GARFIELD HEIGHTS, Ohio — Don Basquin of Garfield Heights is fed up with the safety of his family is being threatened by a new normal that is plaguing his neighborhood, including gunfire and other acts of lawlessness.
Basquin shared home security video that shows an SUV driving by and firing multiple shots in the area of East 115th and McCracken Road in the early morning hours of April 15. He said, sadly, gunfire in his neighborhood has become a common occurrence, and pointed to a bullet hole in his home—the bullet later found in a bedroom closet.
“It’s crazy, you got kids next door, you got a park out front and you got kids driving by at one or two in the morning shooting guns," Basquin said. “Me and my wife were in bed and we heard a bunch of kids out front and guns shots went off, and I didn’t even notice the bullet in the house until the next day. It’s just gotten to where it’s normal around here, I don’t ever remember this being normal.”
Other neighbors like Tucker Von Carlowitz reported car thefts, stolen vehicles running into neighborhood homes and illegal activity taking place at the Garfield Park Reservation.
“There is too much gunfire, and it was consecutive, like 'bang, bang, bang, bang,'" Von Carlowitz said. “A couple months after we moved in here my car was stolen out of the driveway. The first couple times you hear gun shots, you call the police immediately, it freaked me out. It’s complicated, but that’s not an excuse to give up and throw your hands up and say 'we can’t do anything.'”
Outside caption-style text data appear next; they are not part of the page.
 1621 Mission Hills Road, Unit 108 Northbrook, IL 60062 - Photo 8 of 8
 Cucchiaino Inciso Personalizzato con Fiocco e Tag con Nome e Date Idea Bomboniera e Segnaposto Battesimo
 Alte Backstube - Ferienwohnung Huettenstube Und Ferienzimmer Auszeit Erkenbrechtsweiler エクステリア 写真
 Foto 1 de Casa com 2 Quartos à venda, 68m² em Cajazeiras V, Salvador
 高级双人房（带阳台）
News 5 contacted the Garfield Heights police department, the mayor's office and the city council-member representing the neighborhood, and they responded immediately.
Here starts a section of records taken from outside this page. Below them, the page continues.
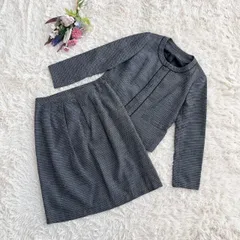 フォロワー限定お得なクーポン配布中！ 『TROISSIX』トロワシス　ジャケットスカートセットアップ　スーツ　長袖　ひざ丈　ノーカラー　ホック　ノーボタン　フレア　ツイード風　メランジ　裏地付　グレー(L)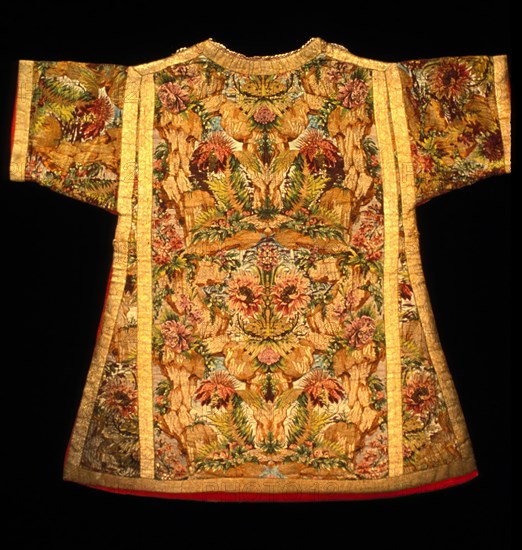 Unknown (Italian), Dalmatic, 1700/1750, Compound weave: silk and metallic thread., overall dimensions: 37 1/8 x 42 1/2 in.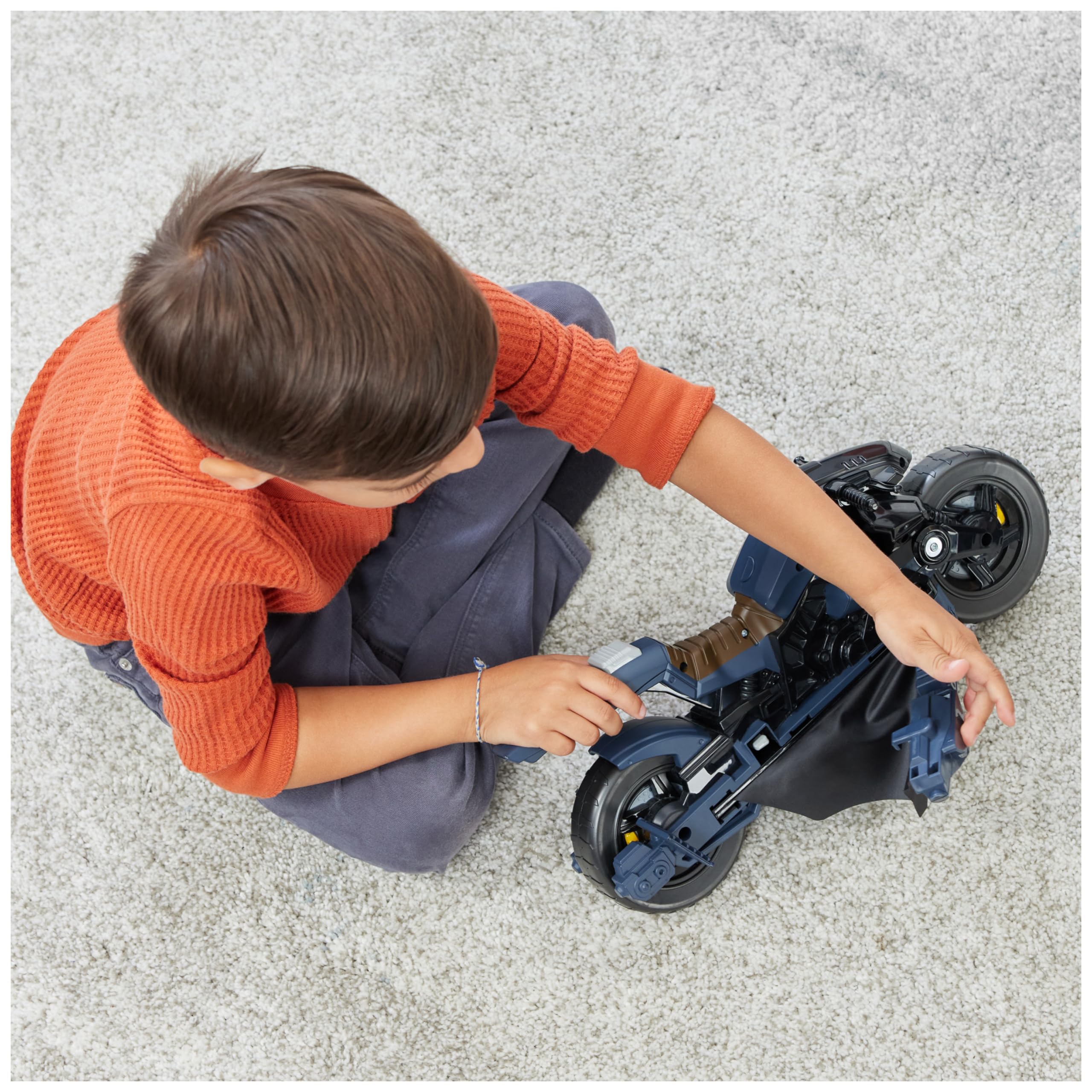 DC Batman - Batcycle 2 en 1 - Batcycle Qui Se Transforme en Batplane - Voiture Batman À Collectionner - Compatible avec Figurines 30 cm - Jouet À Collectionner - Jouet Enfant 4 Ans Et +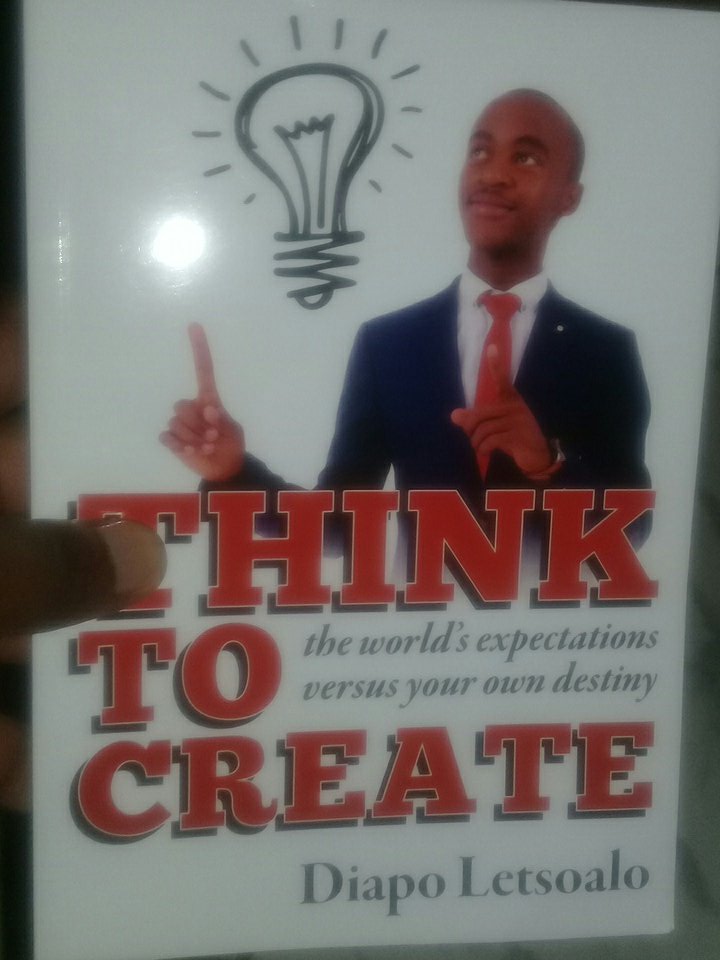 Vehupa's tweet image. "Never doubt yourself,because everything you are is enough to create a sense of eminence in you"
@DiapoWilly 
#ThinkToCreate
Garfield Heights police took in the security video and said they are looking for a silver Jeep SUV, seen in the area of Broadway and Granger Road, in the early morning hours of April 15.
Police said they were unaware of chronic reports of gunfire in that neighborhood and said residents should always try to get the plate number of the suspect vehicle, but never approach the driver or passengers inside.
Meanwhile, Basquin urged residents to get involved, band together, create block-clubs, use social media, report suspicious activity and be diligent in contacting city leaders.
“If you see a description of the vehicle, don’t be afraid to say something," Basquin said. “I’m not going to dog on the police because I know they’re stretched thin as well. They’ve got a big job in front of them, there’s only so much they can do, but the city must do more to help us stay safe."